Activity does matter though and 1800 calories could create too steep of a deficit even for a 440 pound person. Rate of loss and sustainability should decide calories not the other way around.
Well.. I usually agree with most of what you add, but here is just a small hole in this logic. We have no idea what might have brought someone into their "ideal" weight. That's the problem with using population studies. We have no idea if those people who are "sicker" at their ideal weight may have been larger, but lost weight d/t say, cancer, M.S. dementia... ect. I do agree one can be larger and still be healthier.
So you have never known people that have never carried extra weight that suffered from diabetes, heart disease, and various other conditions that are often associated with people who carry too much extra weight? I certainly know several. I know a guy that was always the picture of health. Super active, never carried any noticeable weight, was super cautious about what he ate, and still nearly died from heart disease.

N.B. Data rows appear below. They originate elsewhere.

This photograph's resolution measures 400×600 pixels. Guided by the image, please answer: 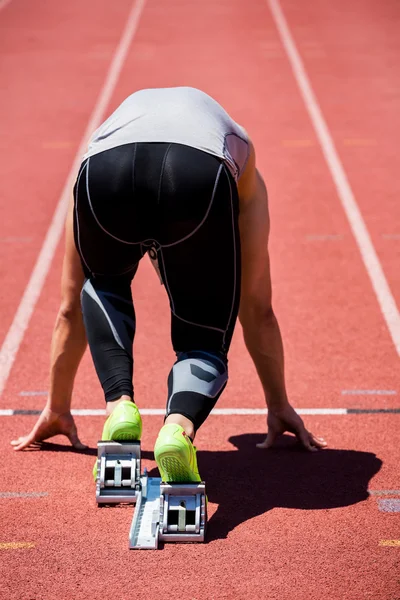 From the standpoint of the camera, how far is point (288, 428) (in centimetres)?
441

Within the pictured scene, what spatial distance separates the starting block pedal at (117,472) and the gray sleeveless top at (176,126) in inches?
41.1

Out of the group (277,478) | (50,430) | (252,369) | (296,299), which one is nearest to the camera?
(277,478)

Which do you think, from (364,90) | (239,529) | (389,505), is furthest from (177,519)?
(364,90)

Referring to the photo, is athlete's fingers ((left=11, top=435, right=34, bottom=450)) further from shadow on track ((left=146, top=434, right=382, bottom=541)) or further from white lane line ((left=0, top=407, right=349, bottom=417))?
shadow on track ((left=146, top=434, right=382, bottom=541))

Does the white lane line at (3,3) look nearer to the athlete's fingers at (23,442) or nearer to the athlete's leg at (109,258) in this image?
the athlete's fingers at (23,442)

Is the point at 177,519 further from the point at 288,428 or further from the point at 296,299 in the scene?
the point at 296,299

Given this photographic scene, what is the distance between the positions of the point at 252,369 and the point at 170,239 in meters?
2.33

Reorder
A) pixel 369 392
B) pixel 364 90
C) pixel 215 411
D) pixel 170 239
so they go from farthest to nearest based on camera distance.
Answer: pixel 364 90 < pixel 369 392 < pixel 215 411 < pixel 170 239

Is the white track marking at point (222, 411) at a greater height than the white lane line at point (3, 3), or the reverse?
the white track marking at point (222, 411)

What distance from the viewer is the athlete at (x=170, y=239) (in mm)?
3402

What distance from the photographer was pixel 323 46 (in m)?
16.6

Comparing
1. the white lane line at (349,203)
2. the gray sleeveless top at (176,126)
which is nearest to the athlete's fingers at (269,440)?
the gray sleeveless top at (176,126)

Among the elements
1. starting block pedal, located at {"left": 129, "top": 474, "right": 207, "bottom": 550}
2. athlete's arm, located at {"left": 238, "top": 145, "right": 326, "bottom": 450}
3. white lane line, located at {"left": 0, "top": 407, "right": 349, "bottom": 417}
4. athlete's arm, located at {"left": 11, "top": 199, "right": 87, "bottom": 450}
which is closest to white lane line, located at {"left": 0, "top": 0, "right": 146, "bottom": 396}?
white lane line, located at {"left": 0, "top": 407, "right": 349, "bottom": 417}

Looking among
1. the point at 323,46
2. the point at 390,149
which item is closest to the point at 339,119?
the point at 390,149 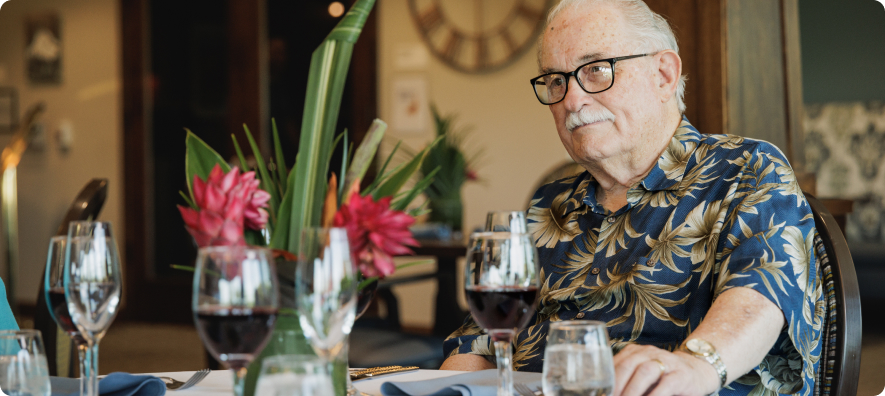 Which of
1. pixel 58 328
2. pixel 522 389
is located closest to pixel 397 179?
pixel 522 389

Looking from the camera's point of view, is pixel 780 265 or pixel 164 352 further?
pixel 164 352

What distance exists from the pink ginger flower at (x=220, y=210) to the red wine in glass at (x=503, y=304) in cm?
25

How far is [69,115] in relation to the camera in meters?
6.09

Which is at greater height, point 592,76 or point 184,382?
point 592,76

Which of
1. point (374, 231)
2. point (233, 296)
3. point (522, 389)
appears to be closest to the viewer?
point (233, 296)

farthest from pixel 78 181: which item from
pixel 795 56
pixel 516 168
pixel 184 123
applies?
pixel 795 56

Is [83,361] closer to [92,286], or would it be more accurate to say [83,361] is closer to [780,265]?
[92,286]

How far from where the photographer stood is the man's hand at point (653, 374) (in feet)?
2.84

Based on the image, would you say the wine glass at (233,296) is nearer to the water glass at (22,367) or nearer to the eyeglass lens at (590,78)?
the water glass at (22,367)

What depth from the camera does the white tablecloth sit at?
999 mm

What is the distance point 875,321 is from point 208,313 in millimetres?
5379

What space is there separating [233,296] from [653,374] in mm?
472

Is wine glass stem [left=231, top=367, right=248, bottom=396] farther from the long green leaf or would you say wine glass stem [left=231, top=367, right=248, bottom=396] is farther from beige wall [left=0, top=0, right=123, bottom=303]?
beige wall [left=0, top=0, right=123, bottom=303]

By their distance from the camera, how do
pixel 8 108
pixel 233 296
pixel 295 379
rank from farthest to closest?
pixel 8 108 < pixel 233 296 < pixel 295 379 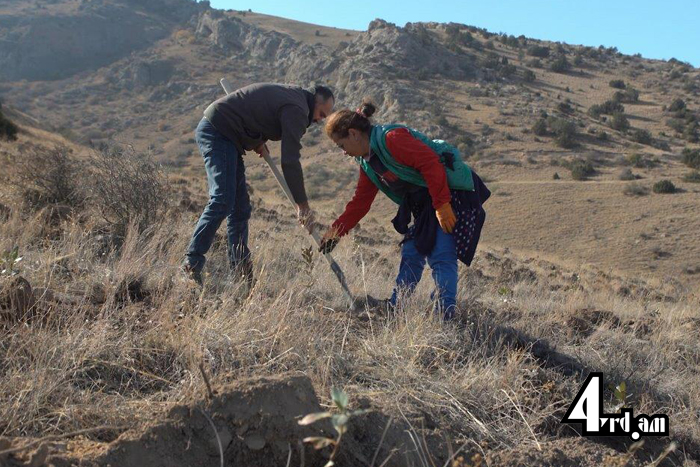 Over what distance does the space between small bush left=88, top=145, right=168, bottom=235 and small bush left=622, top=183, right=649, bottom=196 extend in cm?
2256

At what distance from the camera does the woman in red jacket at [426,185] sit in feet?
11.9

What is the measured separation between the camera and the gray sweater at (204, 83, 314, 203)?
3828 millimetres

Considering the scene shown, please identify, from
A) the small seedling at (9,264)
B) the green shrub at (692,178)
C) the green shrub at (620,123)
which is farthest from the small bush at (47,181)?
the green shrub at (620,123)

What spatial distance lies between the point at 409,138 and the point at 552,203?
21667 mm

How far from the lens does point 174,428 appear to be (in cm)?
203

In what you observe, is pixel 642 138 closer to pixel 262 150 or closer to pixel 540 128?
pixel 540 128

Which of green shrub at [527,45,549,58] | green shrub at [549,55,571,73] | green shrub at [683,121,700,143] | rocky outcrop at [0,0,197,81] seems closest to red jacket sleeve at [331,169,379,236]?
green shrub at [683,121,700,143]

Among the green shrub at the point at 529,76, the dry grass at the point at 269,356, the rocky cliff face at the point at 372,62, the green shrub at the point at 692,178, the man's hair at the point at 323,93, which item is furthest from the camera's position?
the green shrub at the point at 529,76

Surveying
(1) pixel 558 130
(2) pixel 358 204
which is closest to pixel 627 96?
(1) pixel 558 130

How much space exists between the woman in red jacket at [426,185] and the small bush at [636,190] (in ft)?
74.0

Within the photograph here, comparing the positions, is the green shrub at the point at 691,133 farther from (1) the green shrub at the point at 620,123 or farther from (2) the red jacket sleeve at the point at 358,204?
(2) the red jacket sleeve at the point at 358,204

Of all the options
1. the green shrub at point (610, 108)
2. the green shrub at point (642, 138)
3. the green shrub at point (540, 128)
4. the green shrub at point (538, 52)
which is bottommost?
the green shrub at point (540, 128)

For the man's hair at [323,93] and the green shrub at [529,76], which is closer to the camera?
the man's hair at [323,93]

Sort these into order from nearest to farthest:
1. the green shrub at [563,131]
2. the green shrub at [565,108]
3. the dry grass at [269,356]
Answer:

That's what I am saying. Its hard to use population research/ demographics to tell health issues with people. Lol.. I am "nurse" like thing?🤔 So, yes, i have seen much. Including kids with cancer who never smoked.... I state that genetics and environment plays a part in everything. All I was saying is we have to be careful how we use these studies.
Edit.... some people just seen to be more resistant to weight gain. There is no telling how "bad" some of the lean peoples diets were. Also, little known fact about type 2 d.m. is that uncontroled blood sugar causes a wasting effect. People with high b.s. can and do lose lots of weight!
Then I am not sure where you find the problem with my logic. Maybe I should restate:
Statistically speaking if you are obese or heavier you need to make weight loss a high priority. It does not mean, however, that you need to go on crash diets and lose weight at breakneck speeds unless you have an immediate medical threat to your health. Unless a doctor tells you otherwise I think people should start by assuming they have time to lose weight and pick a speed that is sustainable. A lot of progress can be made in a single year.